Я сидел рядом с поэтом Исаем Тобольским, неподалеку — актеры драмтеатра Олег Янковский и Александр Михайлов, рассказывающие друг другу байки. У Тобольского в руках журнал “Огонек”, где напечатана его поэма. Михайлов попросил: “Разрешите журнал?” Тобольский протянул. Через какое-то время раздался его громкий крик: “Хамство! Хамство!” Даже выступающий на трибуне замолчал. Я и не заметил, как Тобольский вскочил и кричал на актеров, тыча пальцем в последнюю страницу журнала, где они начали заполнять кроссворд. Михайлов, покраснев и извиняясь, протянул ему журнал. “Зачем он мне теперь?! — так же громко закричал Тобольский. — Вы его испортили, понимаете?! Испоганили!”
Из президиума секретарь горкома партии Н. Б. Еремин, инвалид войны с протезом вместо правой руки, постучал, как обычно, искусственной черной кожаной ладонью по столу и громко попросил: “Исай Григорьевич, сядь пожалуйста!”
Но Тобольский не сел, а забегал в проходе вдоль рядов, причитая уже потише: “Так оскорбить поэта, так оскорбить!”
После выхода “антисионистской” поэмы “Исповедь” саратовский поэт долгое время пребывал в непрерывном, как в буквальном, так и переносном смысле, опьянении. Он бесконечно рассказывал, как принес поэму в редакцию “Волги”, где главный редактор Шундик мгновенно прочел, обнял, поздравил и сказал: “Исай! „Волга” не то место, твоей поэме нужен международный резонанс!” И самолично отправил “Исповедь” в журнал “Огонек” с рекомендательным письмом Анатолию Софронову. Это первая часть его устной трилогии.
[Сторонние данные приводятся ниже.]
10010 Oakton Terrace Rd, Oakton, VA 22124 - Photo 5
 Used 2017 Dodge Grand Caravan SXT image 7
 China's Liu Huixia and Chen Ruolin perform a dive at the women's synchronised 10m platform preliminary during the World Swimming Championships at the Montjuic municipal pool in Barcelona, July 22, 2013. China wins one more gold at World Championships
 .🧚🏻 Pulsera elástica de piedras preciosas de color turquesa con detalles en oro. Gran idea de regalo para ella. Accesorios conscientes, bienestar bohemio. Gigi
Вторая — та, что буквально через неделю сам Софронов звонит саратовскому поэту и приглашает в столицу за счет журнала. При встрече Софронов, как и Шундик, обнимает его и поздравляет. Особое место во второй части занимал эпизод с бумажником Софронова. “Исай! — сказал тот младшему коллеге. — Пока вам бухгалтерия выплатит гонорар, возьмите у меня”. И при этих словах автор “Стряпухи” доставал бумажник, объемом подобный его чреву. “Никогда бы не поверил, что у человека может быть при себе столько денег”, — делился впечатлением саратовец.
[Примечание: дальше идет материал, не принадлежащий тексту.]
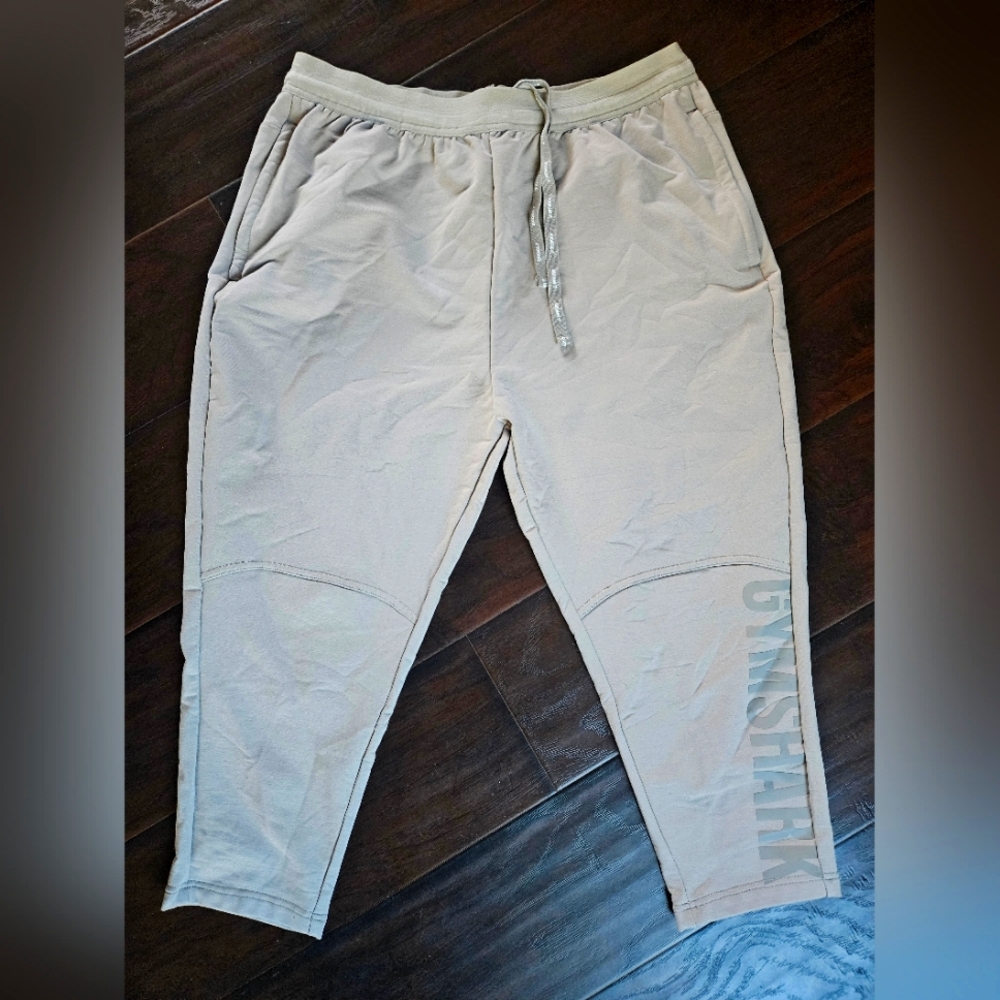 GYMSHARK Men's Capri Pants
В третьей части звучала уже трагическая нота. Все чаще Исая Григорьевича можно было видеть в кафе “Юность” (располагавшемся в одном здании с редакцией “Волги”) сильно выпившим и в минорном настроении. Перед ним на столе, кроме графинчика с коньяком, лежал номер газеты “Литературная Россия”, где какие-то хулиганы напечатали восторженную рецензию на “Исповедь”, которая начиналась примерно так: “Имя автора поэмы „Исповедь”, мужественного советского поэта Исая Тобольского, занесено сионистскими боевиками в черные списки по обе стороны океана”. Тобольский поднимал на собеседника страдальческий взор, качал лысой головой и вслух повторял эти страшные строки, после чего надолго припадал к фужеру.
Из поэмы “Исповедь” мне запали в память строки, обращенные к брату, уехавшему в Израиль (о чем все узнали впервые из поэмы):
И ни в каких Притонах Тель-Авива Тебе, Натан, Не скрыться от меня. Не спрятаться. Ничем не заслониться.
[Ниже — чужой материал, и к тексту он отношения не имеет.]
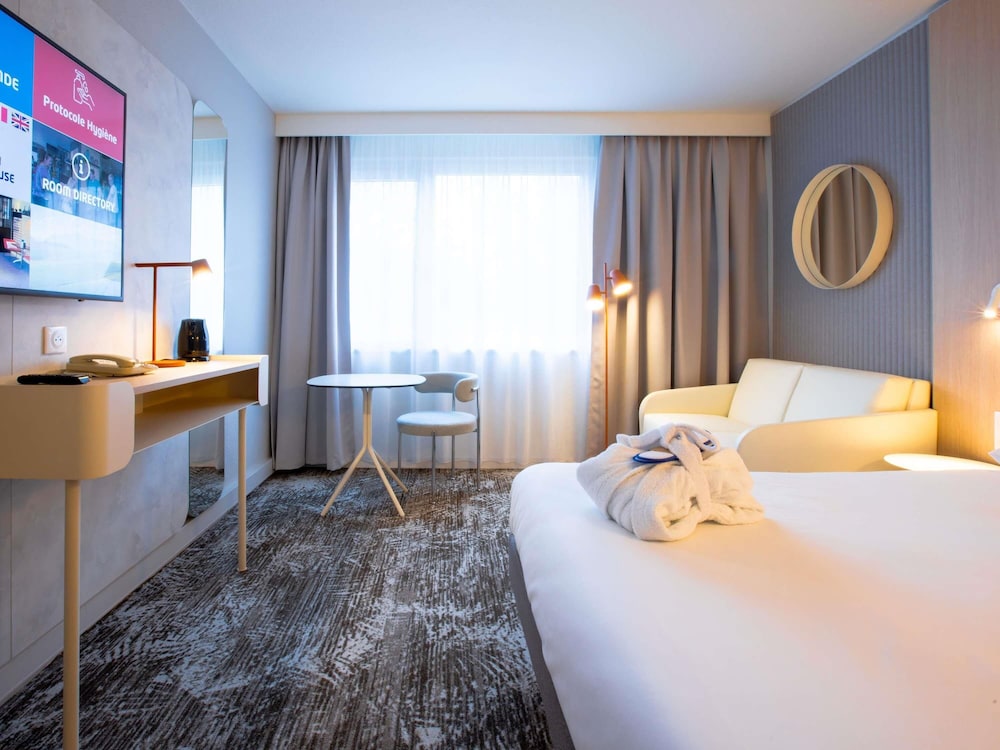 Habitación Ejecutiva con 1 cama doble del hotel Novotel Mulhouse Bâle Fribourg. Foto 2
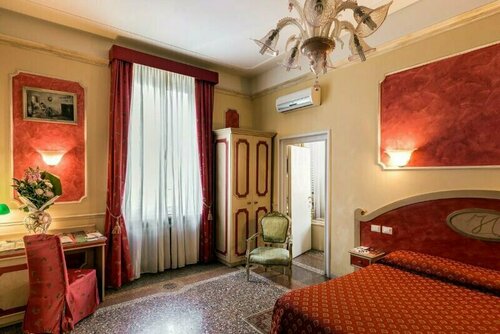 Antica Residenza DAzeglio Room&Breakfast di Charme, Забронировать Отель «постель и завтрак» Отели Болоньи с парковкой, рядом с Башня Гарисенда, Парковка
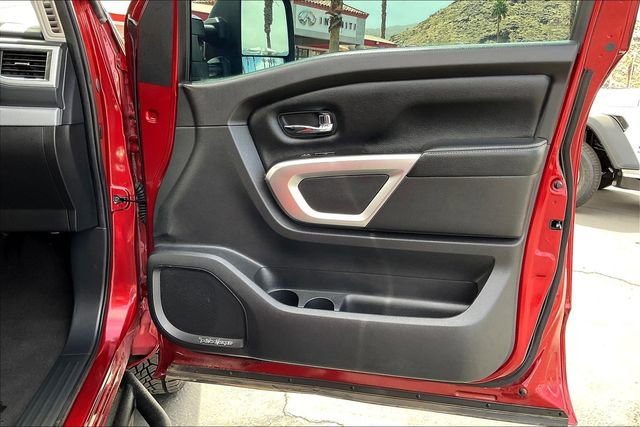 Used 2017 Nissan Titan PRO-4X w/ Pro-4x Convenience Package image 23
С одной стороны, было как-то досадно на откровенно перелетевшие на Ближний Восток вертинские притоны Сан-Франциско, с другой, естественно, одолевал смех: почему пожилой человек должен в Тель-Авиве скрываться, да еще почему-то в притонах? Или автор поэмы предполагал, что ради них и уезжают?
Успеха “Исповеди” саратовцу показалось мало, и через несколько лет тот же Анатолий Софронов в своем “Огоньке” публикует новую поэму Тобольского, “Монолог”.
В кармане виза. Связаны манатки И пасквилей бумажная гора. Ты столько лет Играл с Россией в прятки… Подбит итог. Окончена игра.
А далее:
К любой норе, К любой чужой берлоге Приладится безродная душа, Умеющая Плакаться о боге, А верить Только богу барыша.
Каким, должно быть, радостным созвучием отозвались эти строки у основоположника преследования “безродных космополитов”…
Ульяновский поэт Николай Благов рассказывал, как, приезжая в родное село, на вопросы мужиков о литературных заработках в 10 раз уменьшает сумму гонорара за книгу: вместо трех тысяч — триста рублей. И мужики все равно дивились: за стишки — триста рублей!